What historical figure has left the greatest impression on you?

I think I think there are these figures that just blow your mind and they’re all through history so I could pick 20 at the top of my head but Alexander the Great is just one of the ones that’s just so fun. That’s why he has fascinated people ever since. You read the stories and you can’t even get your mind around him. It’s more than just what he accomplished, because there’s a lot of books that portray him almost as the second coming of Hitler, so it’s not like a hero-worship kind of thing, but it’s everything. Everything from the bisexuality to having a witch for a mother. It’s what makes history so good that if you had written it as a screenplay, they wouldn’t buy it because it would be too hard for people to believe. No one is going to believe that. … That’s why I get so upset when someone like Oliver Stone does a movie [Alexander] about him and makes it so crappy. You go, “Okay, now we’re not going to have another movie for 20 years and [Alexander the Great] is so great we’re just waiting for the real good, definitive portrayal.” I told my wife, the only thing that was good in that Oliver Stone Alexander movie is he cast Angelina Jolie as Alexander’s mother.
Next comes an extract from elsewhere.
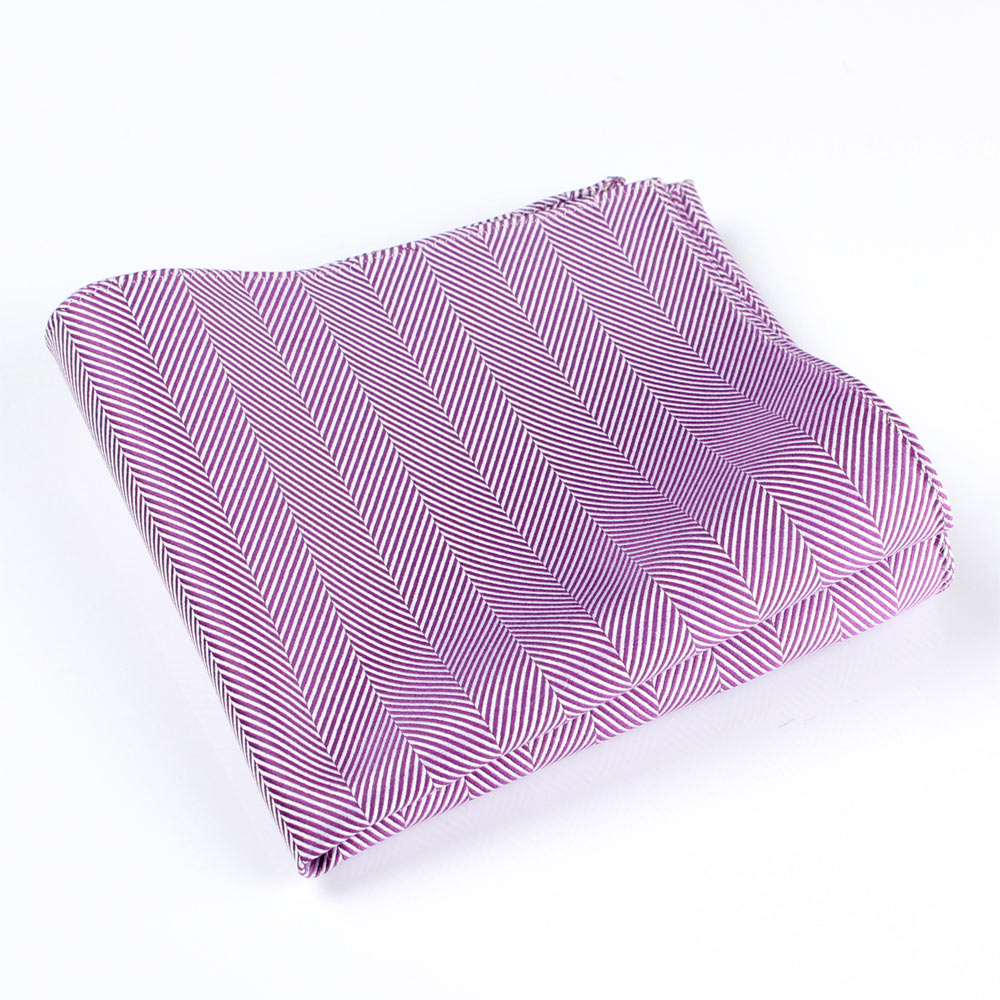 RCF-8007-20 人字纹紫色方巾与英国制造的人字纹面料[正装配饰] 山本（EXCY）
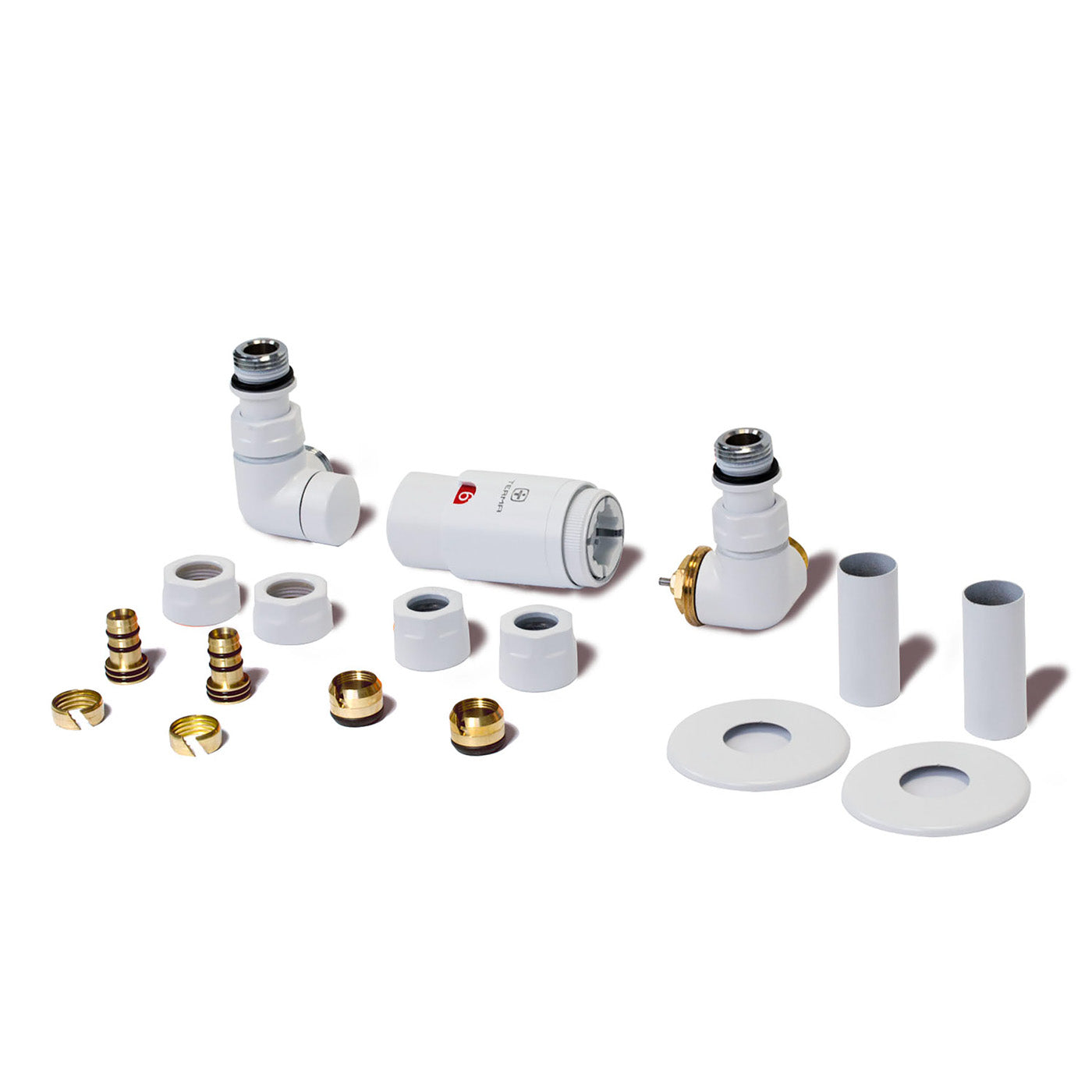 02_Thermostatic-Heated-Towel-Rail-Valves-_TRVs_-_-Pipe-Masking-_presented-on-Radiator_-Matt-White-_RAL-9016_-RIGHT-SIDED_-3-AXIS-_CORNER_-VISION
I never would have done that but she was perfect! You look at her; she was a witch who slept with snakes and married the most powerful man in the world and then maybe had him assassinated, used to roast her son’s enemies over fire. If Alexander wasn’t interesting himself, all the people around him — I mean it’s a cast of characters for a great sitcom, a really bloody great sitcom.

History is so fascinating and weird and crazy, why does Hollywood feel the need to change the story?

I don’t get that. Why would you say this is such a great story, I want to tell it, but I’m going to fix it up in a couple of places. Who are you to fix up one of the great stories of all time? Just do it justice. If anything, that’s what I’m trying to do. We’re just trying to do it justice.

This interview has been edited for clarity and length.